Diagnostic Assessment of Childhood Apraxia of Speech
Using Automatic Speech Recognition (ASR) Systems

L Shriberg, P Hosom, J Green


We report findings from two feasibility studies using automatic speech recognition (ASR) methods in childhood speech sound disorders. The studies implemented and evaluated the automation of two recently proposed diagnostic markers for suspected Apraxia of Speech (sAOS), termed the Lexical Stress Ratio (LSR) and the Coefficient of Variation Ratio (CVR).

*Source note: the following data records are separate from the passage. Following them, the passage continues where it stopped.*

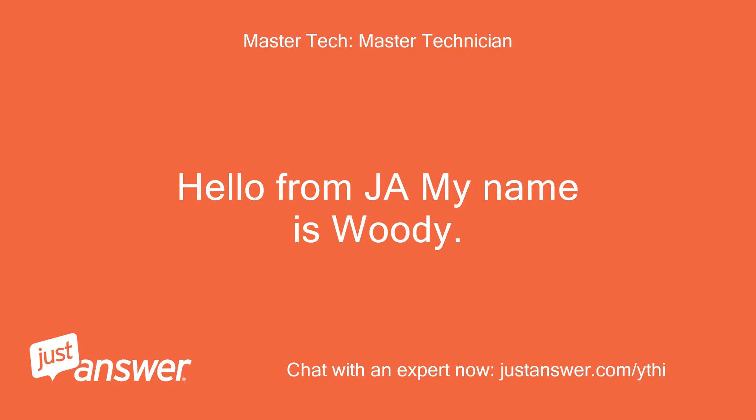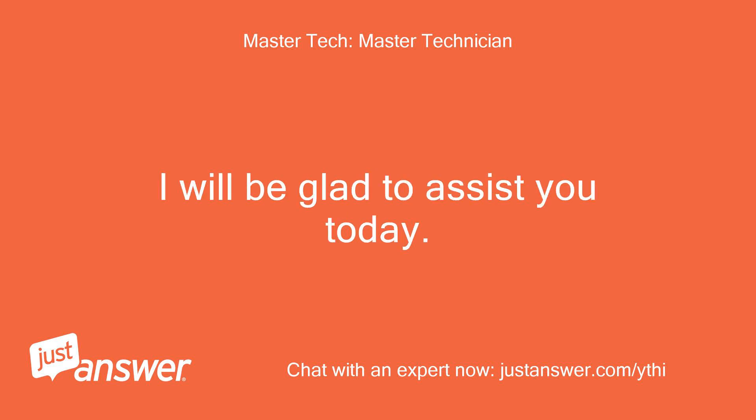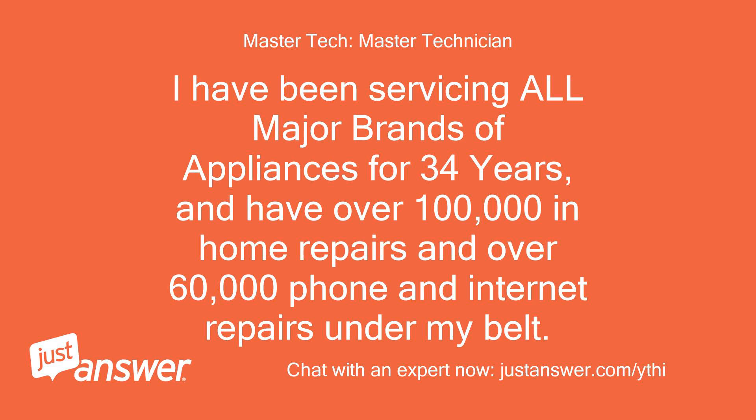Hello from JustAnswer, my name is Woody. I will be glad to assist you today. I have been servicing all major brands of appliances for 34 years and have over 100,000 in-home repairs and over 60,000 phone and internet repairs under my belt.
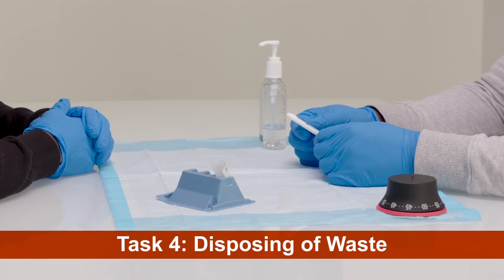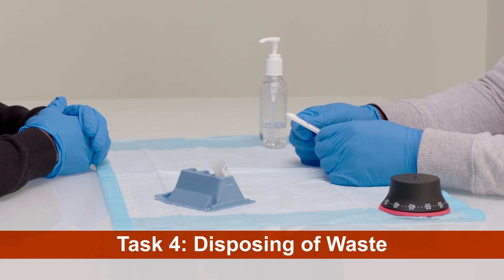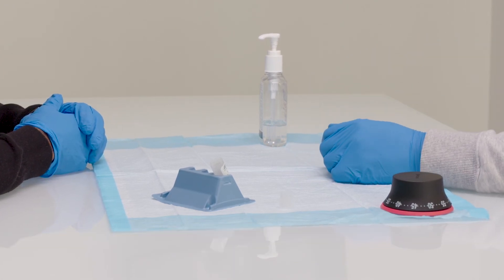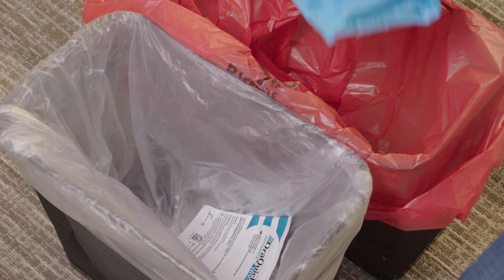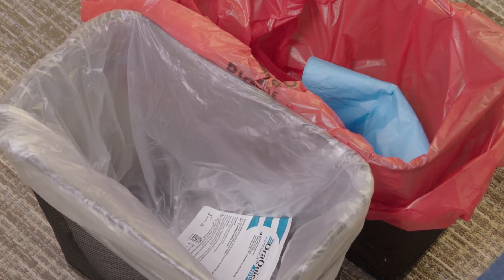After you discuss test results with the client, dispose of the single-use materials in the appropriate waste containers. Discard the test, recapped developer solution, and disposable gloves in a biohazard bag. Place the absorbent pad in the biohazard bag. If there are any spills, clean up with a 10% bleach solution.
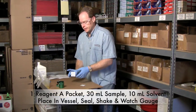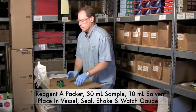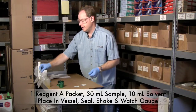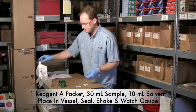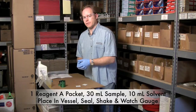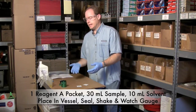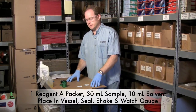To do the test, you're going to take a packet of Reagent A and put it inside the cup. Then draw 30 milliliters of your sample and 10 milliliters of Reagent B, which is the solvent. Put it in, screw it on, shake it a little bit, and let the reaction happen for about five minutes, then see what the gauge says. The kit comes with safety gear and it's important to wear it — I've got safety glasses and gloves on. We are creating a bit of pressure with some hydrogen, so be sure to be safe.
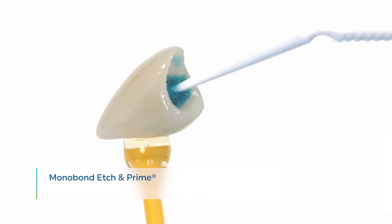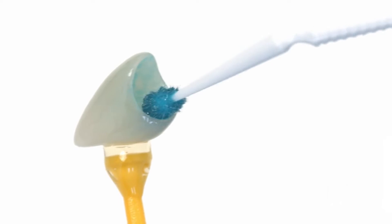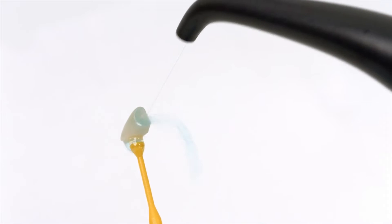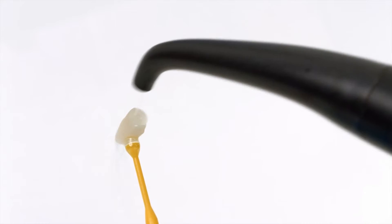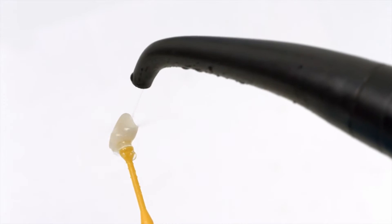Apply Monobond Etch-In Prime bonding agent to the bonding surface with a micro-brush and rub it onto the surface for 20 seconds. Allow it to react for 40 seconds. Rinse off Monobond Etch-In Prime with water and thoroughly dry the restoration for 10 seconds with a strong stream of air.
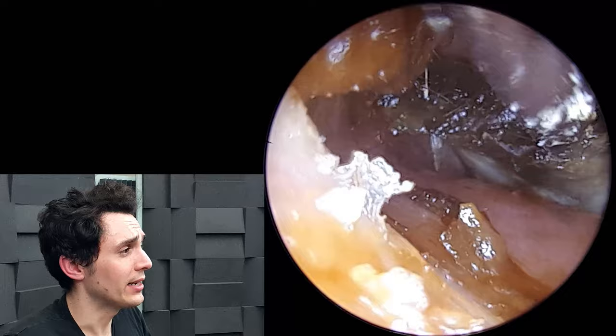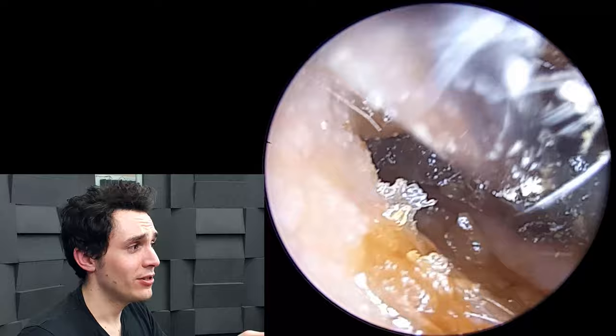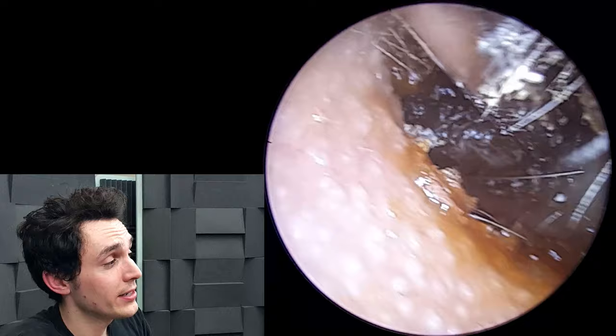You wouldn't think that such a large amount of wax can be hidden in that recess, so it's understandable why the patient couldn't hear very well. After the first consultation they felt there was a little bit of improvement but not much — you can see why, seeing as this was shoved right up against the eardrum.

The LSR score is a composite of amplitude, frequency, and duration in the stressed compared to the unstressed vowel as obtained from a speakerís productions of eight trochaic word forms. Composite weightings for the three stress parameters were determined from a principal component analysis of vowels in a reference sample. The CVR score expresses the average normalized variability of pause events to speech events, as each event occurred in 24 utterances from a conversational speech sample. We describe the automation procedures used to obtain LSR and CVR scores for four children with sAOS and report comparative findings. The LSR values obtained with ASR were within 1.2% to 6.7% of the LSR values obtained manually. The CVR values obtained with ASR were within 0.7% to 2.7% of the CVR values obtained manually (Matlab).Discussion focuses on the potential strengths and limitations of ASR methods for automated diagnostic assessment of persons with speech sound disorders.